Curious if you have anything additional to add specifically on “how to prepare your own data for use in a
reprex if you can’t, or don’t know how to reproduce a problem with a built-in dataset.”
I think @jessemaegan’s post is about 80% there. The piece it is missing, if your average stack overflow post is any indication, is an explanation about how to prepare your own data for use in a reprex if you can’t, or don’t know how to reproduce a problem with a built-in dataset.
Some handy things to know for this situation:
The ugly as sin, gold standard:
head(my_data, 2) %>% deparse()
returning something like:
structure(list(date = list(structure(-61289950328, class = c("POSIXct", "POSIXt"), tzone = ""), structure(-61258327928, class = c("POSIXct", "POSIXt"), tzone = "")), id = c("0001234", "0001235"), ammount = c("$18.50", "-$18.50")), class = "data.frame", .Names = c("date", "id", "ammount" ), row.names = c(NA, -2L))

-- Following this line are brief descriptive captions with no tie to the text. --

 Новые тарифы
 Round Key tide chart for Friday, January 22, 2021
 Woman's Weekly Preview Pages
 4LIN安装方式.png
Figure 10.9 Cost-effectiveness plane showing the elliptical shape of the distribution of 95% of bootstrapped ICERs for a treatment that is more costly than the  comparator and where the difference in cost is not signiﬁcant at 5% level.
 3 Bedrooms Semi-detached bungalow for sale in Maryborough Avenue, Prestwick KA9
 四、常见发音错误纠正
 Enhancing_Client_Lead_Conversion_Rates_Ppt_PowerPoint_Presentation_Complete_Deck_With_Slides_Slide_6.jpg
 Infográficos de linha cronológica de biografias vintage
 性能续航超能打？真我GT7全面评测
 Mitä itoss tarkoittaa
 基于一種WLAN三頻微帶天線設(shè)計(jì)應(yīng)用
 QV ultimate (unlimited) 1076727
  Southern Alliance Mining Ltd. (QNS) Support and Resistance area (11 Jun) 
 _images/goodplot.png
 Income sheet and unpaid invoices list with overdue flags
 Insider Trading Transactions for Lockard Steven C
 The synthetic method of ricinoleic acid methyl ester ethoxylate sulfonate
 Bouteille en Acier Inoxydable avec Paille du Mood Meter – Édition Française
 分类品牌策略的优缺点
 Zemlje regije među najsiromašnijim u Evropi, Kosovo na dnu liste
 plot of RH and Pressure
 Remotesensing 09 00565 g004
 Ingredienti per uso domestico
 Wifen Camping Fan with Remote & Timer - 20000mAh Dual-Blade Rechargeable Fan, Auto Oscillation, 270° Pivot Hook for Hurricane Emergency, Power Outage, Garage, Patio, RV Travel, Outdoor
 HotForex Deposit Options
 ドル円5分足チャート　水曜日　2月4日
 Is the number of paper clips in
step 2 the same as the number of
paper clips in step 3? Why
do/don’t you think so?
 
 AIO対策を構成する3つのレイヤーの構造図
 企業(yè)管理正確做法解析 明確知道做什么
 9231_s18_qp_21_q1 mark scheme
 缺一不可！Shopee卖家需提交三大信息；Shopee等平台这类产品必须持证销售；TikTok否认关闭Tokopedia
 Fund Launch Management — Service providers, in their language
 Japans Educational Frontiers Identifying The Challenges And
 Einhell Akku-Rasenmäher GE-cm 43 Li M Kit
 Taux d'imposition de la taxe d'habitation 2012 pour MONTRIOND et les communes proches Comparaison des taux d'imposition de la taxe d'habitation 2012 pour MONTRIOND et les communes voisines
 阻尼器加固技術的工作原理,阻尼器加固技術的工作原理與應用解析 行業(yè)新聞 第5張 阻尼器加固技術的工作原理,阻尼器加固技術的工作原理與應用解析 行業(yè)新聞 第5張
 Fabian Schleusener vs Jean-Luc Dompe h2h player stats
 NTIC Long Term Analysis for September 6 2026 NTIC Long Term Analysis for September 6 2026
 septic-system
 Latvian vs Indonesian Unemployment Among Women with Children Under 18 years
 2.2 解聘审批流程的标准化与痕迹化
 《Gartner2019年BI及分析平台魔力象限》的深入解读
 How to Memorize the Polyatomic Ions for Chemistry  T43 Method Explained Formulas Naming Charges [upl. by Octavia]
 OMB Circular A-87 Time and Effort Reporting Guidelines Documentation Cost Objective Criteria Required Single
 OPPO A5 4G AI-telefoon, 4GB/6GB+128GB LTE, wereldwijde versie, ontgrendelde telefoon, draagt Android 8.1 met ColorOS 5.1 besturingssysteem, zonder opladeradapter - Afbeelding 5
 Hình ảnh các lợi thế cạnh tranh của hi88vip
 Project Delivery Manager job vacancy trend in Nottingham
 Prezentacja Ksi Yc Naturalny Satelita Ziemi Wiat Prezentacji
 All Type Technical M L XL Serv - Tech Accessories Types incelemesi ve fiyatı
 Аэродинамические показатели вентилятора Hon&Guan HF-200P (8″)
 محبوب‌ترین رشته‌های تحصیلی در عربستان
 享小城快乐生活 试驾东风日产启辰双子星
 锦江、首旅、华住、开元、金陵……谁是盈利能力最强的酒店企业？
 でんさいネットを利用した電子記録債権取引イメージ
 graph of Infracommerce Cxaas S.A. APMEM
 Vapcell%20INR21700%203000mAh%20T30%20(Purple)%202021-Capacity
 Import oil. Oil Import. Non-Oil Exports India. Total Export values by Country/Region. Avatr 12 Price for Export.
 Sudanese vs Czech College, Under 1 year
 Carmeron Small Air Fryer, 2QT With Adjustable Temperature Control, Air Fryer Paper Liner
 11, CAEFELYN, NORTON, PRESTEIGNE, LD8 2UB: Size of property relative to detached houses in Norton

Which is not beginner friendly… what’s a
structure? But it is really the only method that will not mess with the data types. It also works with both listy structures and data.frame-ish ones.
Handy if you have the patience to hand type out a some data for your audience in a pretty format. There is a servere limitation in that not all data types can be represented in a
tribble(). The previous would be something close to:
tibble::tribble( ~date, ~id, ~ammount, "27/10/2016 21:00", "0001234", "$18.50", "28/10/2016 21:05", "0001235", "-$18.50" ) %>% mutate(date = lubridate::parse_date_time(date, orders = c("d!/m!/Y! H!:M!")))
With the trailing mutate to fix the date that could not be represented. It would be remiss of me not to plug
datapasta::tribble_paste() which can save you some typing here.
It’s possible to represent your data, complete with type specification, as a
read_csv()call. The previous would be:
readr::read_csv('date, id, amount "27/10/2016 21:00", 0001234, $18.50 "28/10/2016 21:05", 0001235, -$18.50', col_types = cols( col_date(format="%d/%m/%Y %H:%M"), col_character(), col_character() ) )
Not yet on CRAN, A nicer version of 1, that can also get you directly to 2. in some cases. https://github.com/krlmlr/deparse
Edit: you can always use data.frame(), Tibble(), list() etc!